Taylor T.C.J.:
1 This is an appeal heard in London, Ontario, on June 11, 1997 against an assessment of the T3 tax return for the fiscal year January 1, 1995 to June 15, 1995, which resulted in re-allocation of income reported not only for that period but for income reported in the T1 terminal tax return for the period January 1, 1994 to November 16, 1994 and for the T1 Rights and Things return for the period November 17, 1994 to December 31, 1994. That allocation — which had started as the only item at issue was resolved and agreed to by the parties according to the attached Consent to Partial Judgment dated June 10, 1997. That Consent to Judgment was “partial” only because the Agent for the Appellant Estate - Mr. Walter Butz raised a further issue — the deducibility of certain accounting fees from the income reported and allocated as above. The parties agreed to have this further issue adjudicated by the Court.
2 The accounting fees at issue - all charged by Mr. Butz, and supported by some documentation were as follows:
| 1995 | | |
|---|
| March 13 | Preparation of income tax returns | $ 825.00 |
| June 20 | Attending to Form T-3, Income Tax Return for the period January 1 to June 15, 1995, Reviewing lawyer's allocations of Cash Flow, Preparing and filing report, | 1,125.00 |
| May 7, 1997 | Disputing claims by the Attorney General on behalf of the Minister of National Revenue by correspondence and telephone calls, Forwarding "Written Submission" upon receiving "Statement of Defence" Attending Hearing before the Tax Court of Canada in London, Ontario | 860.00 |
3 As I understand the testimony of Mr. Butz, the first two accounts above had been paid, the $825.00 out of estate funds by the solicitors for the estate, the second for $1,125.00 directly from the Executrix. The third account for $860.00 had not yet been submitted to the Executrix for payment - although, Mr. Butz stated he was certain it would be paid promptly.
4 The issue was whether any of these amounts should be treated as a deduction from the agreed upon income amounts (see above) for tax purposes.

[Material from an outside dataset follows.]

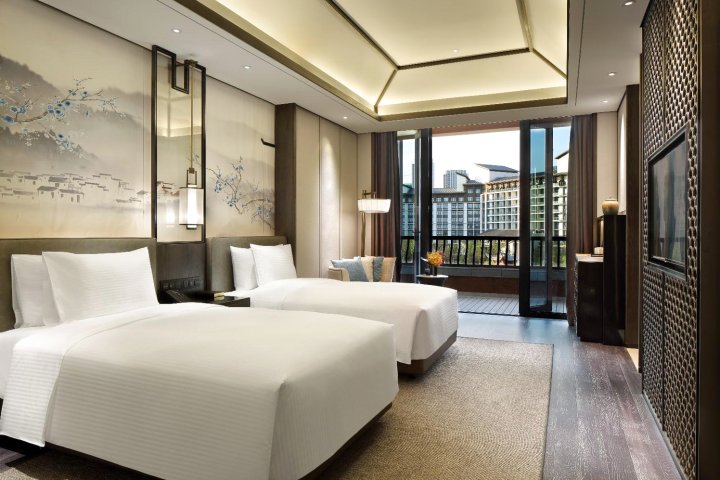 合肥｜万达文华首富在此财聚人和沾财添福他连吃三碗这个？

5 Counsel for the Respondent disposed of the first account — $825.00 by noting that it was strictly for the preparation of an income tax return and not deductible under these circumstances as he understood the Act, specifically Section 18(1)(a) thereof.
6 On the second amount — $1,125.00, while Mr. Butz was of the view that part of this amount had been for preparation of the T3 returns, some of it related to the ongoing dispute with Revenue Canada regarding the allocation finally agreed upon as noted in the “Consent to Partial Judgment” above. However it was pointed out to Mr. Butz that this could not have been the case since his account was dated June 20, 1995, whereas the impugned assessment was not dated until September 12, 1995. Again therefore the account of $1,125.00 should not be deductible, as it did not come within the terms of Section 60(o) of the Income Tax Act, according to Counsel for the Respondent.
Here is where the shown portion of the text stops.